-- Instructions for the task --
Every line of the entries below from the one containing "Used 2025 Black Chevrolet LT image 2" to the one containing "Location de vacances", both ends included, must be written out exactly. No other line belongs in the answer.

-- Supplied material --

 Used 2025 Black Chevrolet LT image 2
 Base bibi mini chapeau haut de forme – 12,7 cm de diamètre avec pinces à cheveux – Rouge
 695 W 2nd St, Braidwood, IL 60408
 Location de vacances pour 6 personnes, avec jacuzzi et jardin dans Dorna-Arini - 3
...
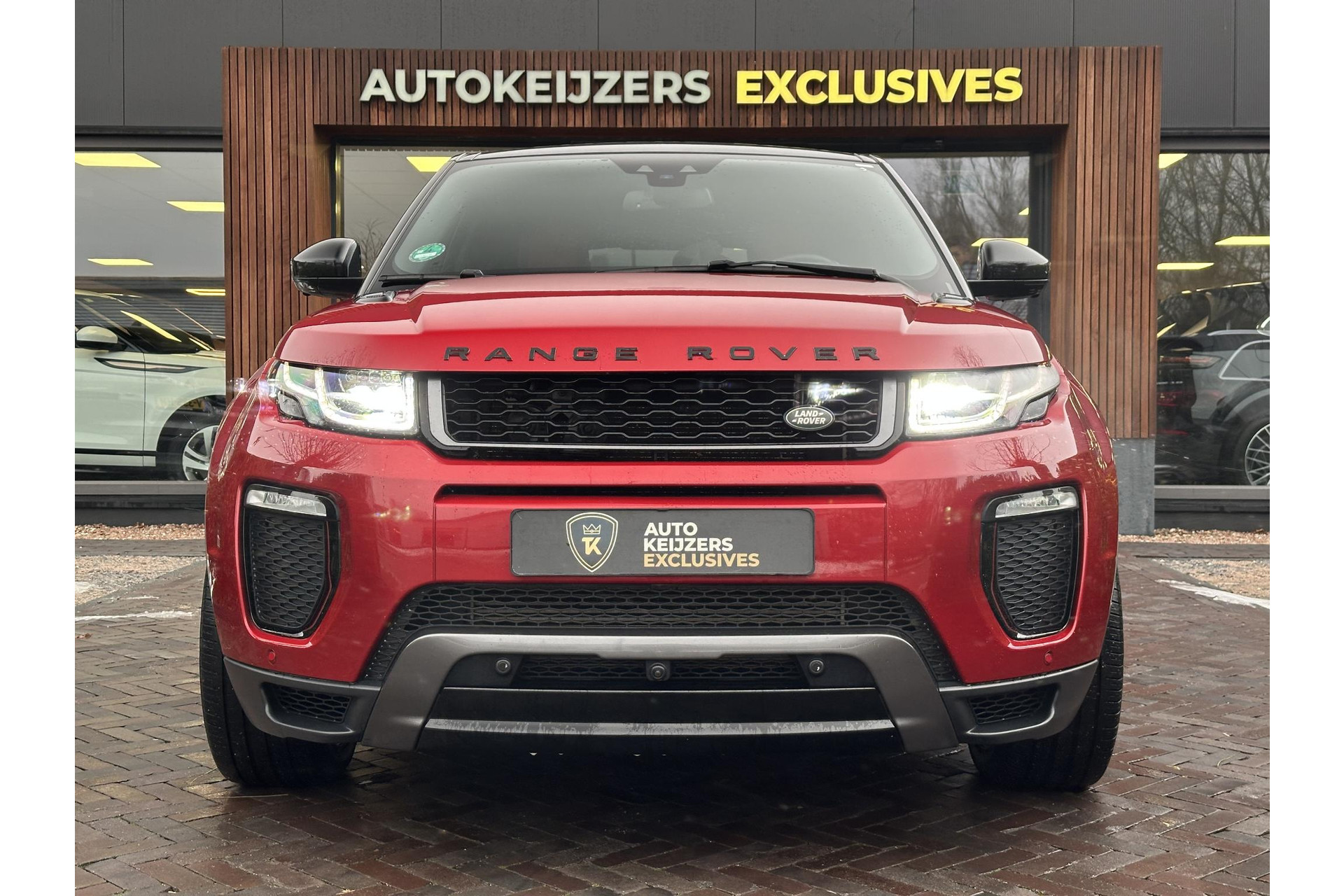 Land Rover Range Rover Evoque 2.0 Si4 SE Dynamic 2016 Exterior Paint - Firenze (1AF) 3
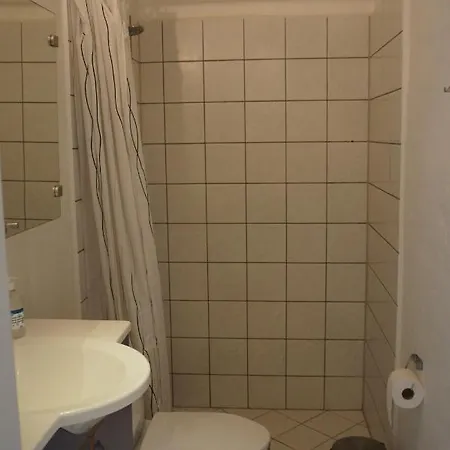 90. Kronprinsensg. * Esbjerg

-- Task result --
 Used 2025 Black Chevrolet LT image 2
 Base bibi mini chapeau haut de forme – 12,7 cm de diamètre avec pinces à cheveux – Rouge
 695 W 2nd St, Braidwood, IL 60408
 Location de vacances pour 6 personnes, avec jacuzzi et jardin dans Dorna-Arini - 3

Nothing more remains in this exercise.